WHAT THE TASK REQUIRES:
Repeat the records below exactly. Omit the pictures.

===== RECORDS

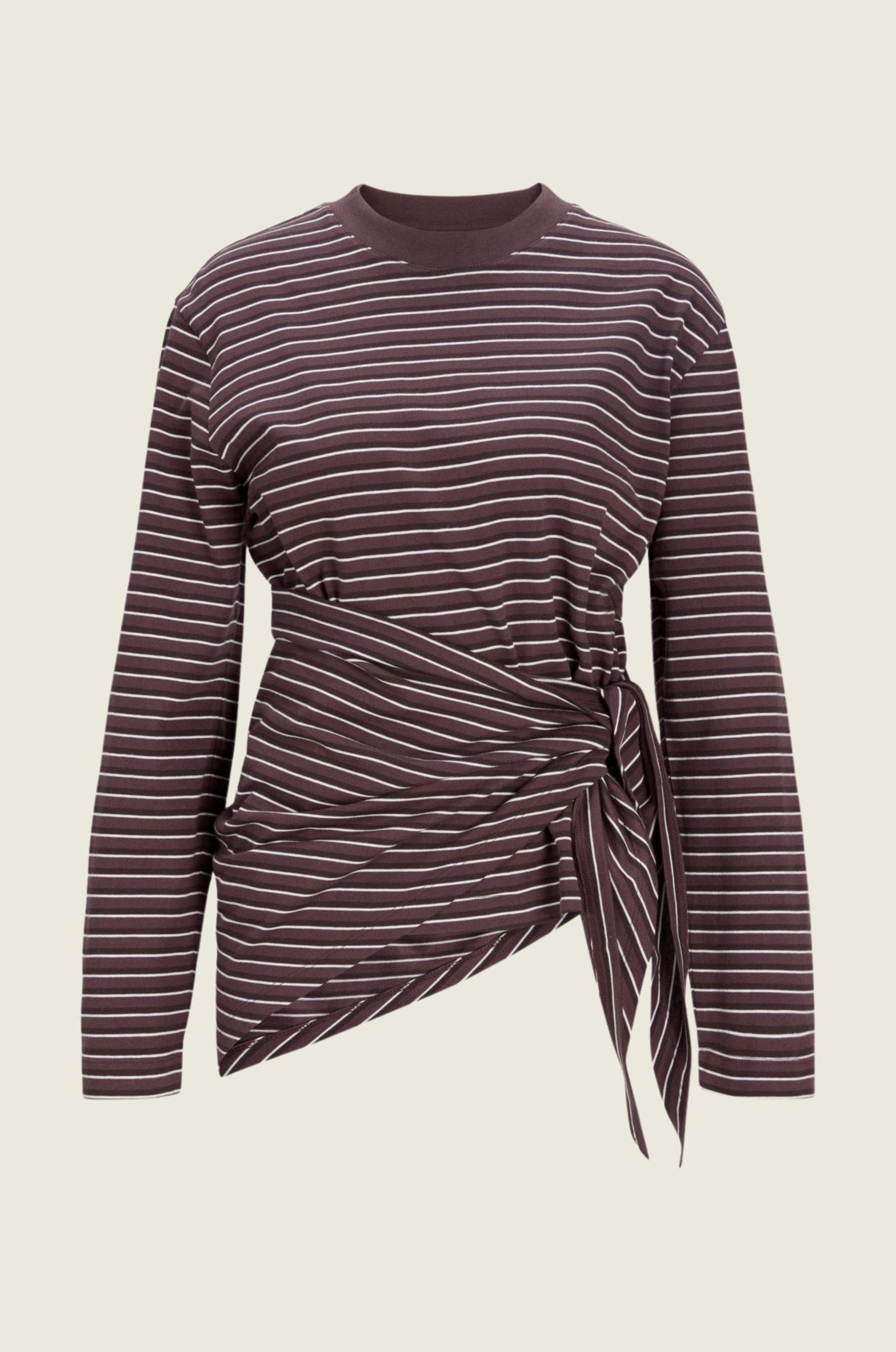 JXSOPHIA_BOXY_LS_SCARF_TEE_JRS_EXP
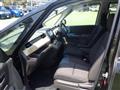 2018 Honda Freed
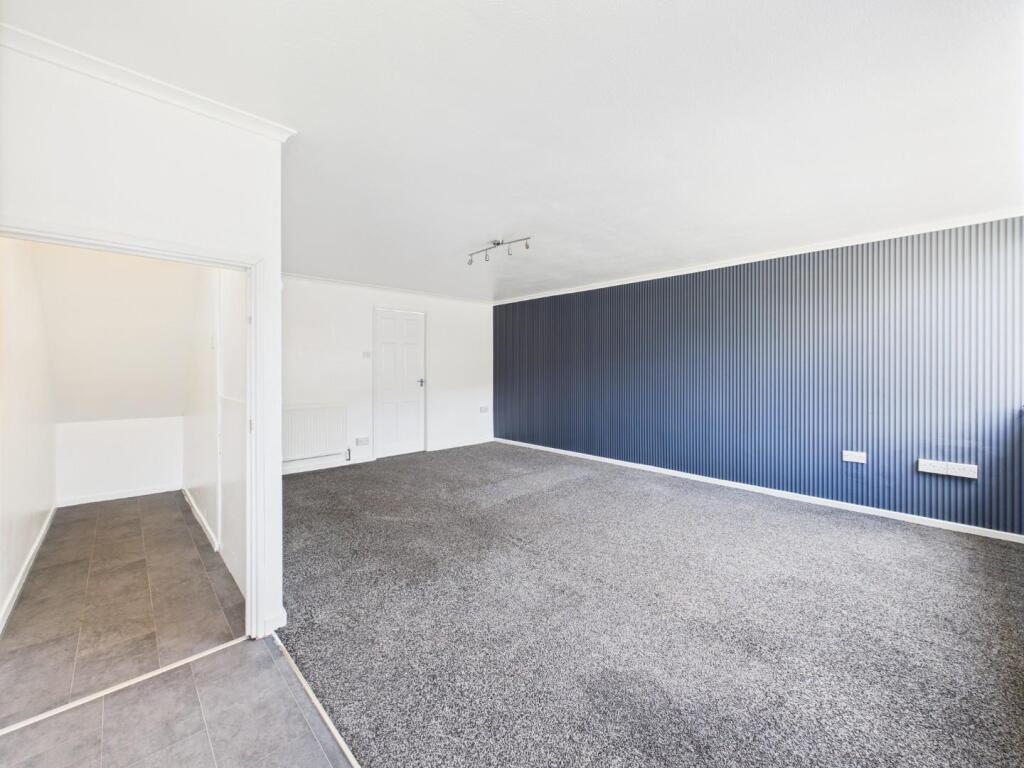 Additional image 3 of Royd Street, Wilsden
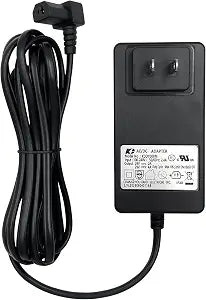 Power Recliner Kaidi Wall Power Supply KDDY008M 29V 2A Switching Adapter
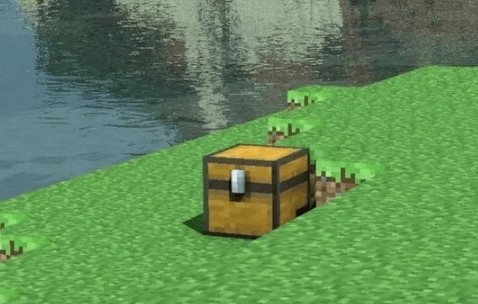 《我的世界》指令方块指令代码大全8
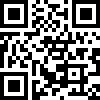 https://khabaronline.ir/xkxF3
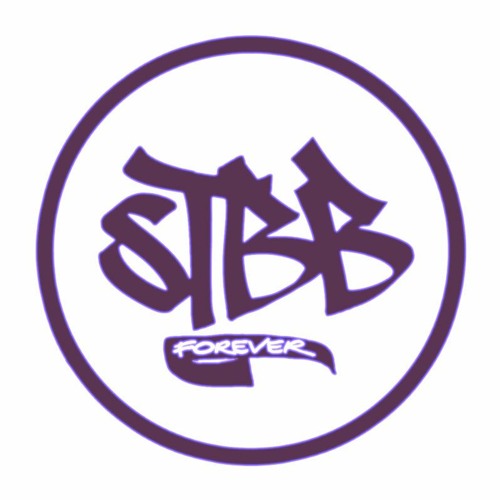 STBB #733 - Mic Geronimo and Sean P. -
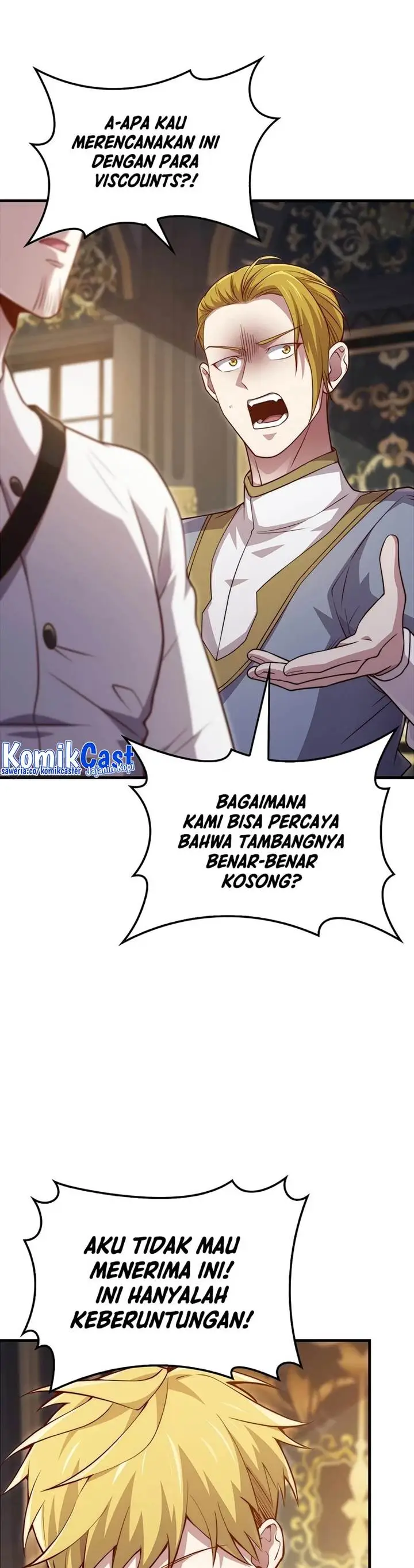 image-komik-the-lords-coins-arent-decreasing-chapter-132-39/45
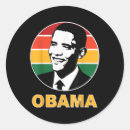Search for obama hope stickers President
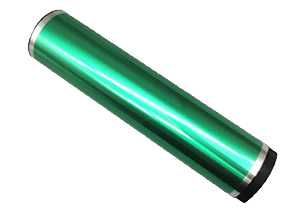 Tambor OPC color verde HP W1132A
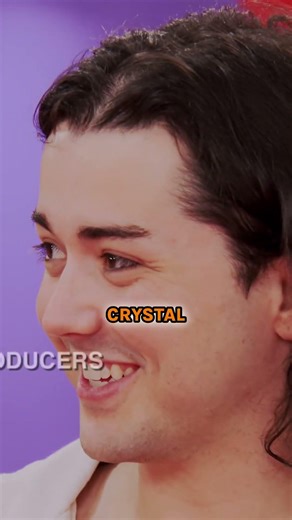 RuPaul’s Drag Race Season 18 & Untucked NOW STREAMING on MTV and WOW Presents Plus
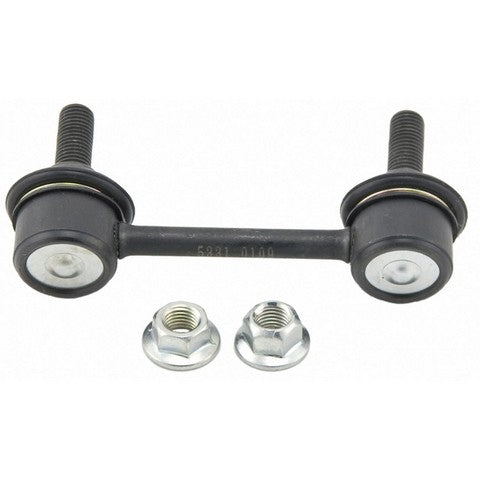 Suspension Stabilizer Bar Link RareParts 19202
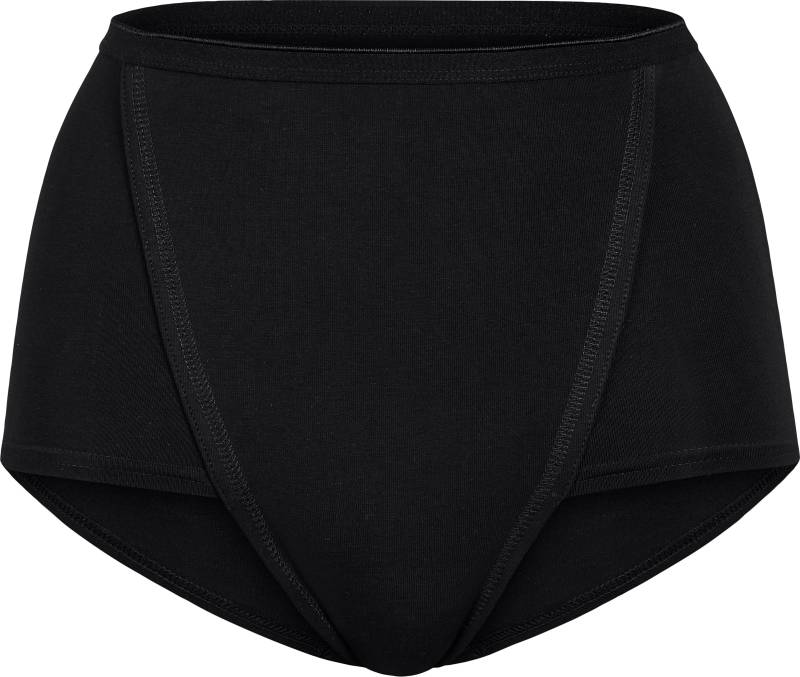 Formslip von Sieh an!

==========

EXERCISE SOLUTION:
 JXSOPHIA_BOXY_LS_SCARF_TEE_JRS_EXP
 2018 Honda Freed
 Additional image 3 of Royd Street, Wilsden
 Power Recliner Kaidi Wall Power Supply KDDY008M 29V 2A Switching Adapter
 《我的世界》指令方块指令代码大全8
 https://khabaronline.ir/xkxF3
 STBB #733 - Mic Geronimo and Sean P. -
 image-komik-the-lords-coins-arent-decreasing-chapter-132-39/45
Search for obama hope stickers President
 Tambor OPC color verde HP W1132A
 RuPaul’s Drag Race Season 18 & Untucked NOW STREAMING on MTV and WOW Presents Plus
 Suspension Stabilizer Bar Link RareParts 19202
 Formslip von Sieh an!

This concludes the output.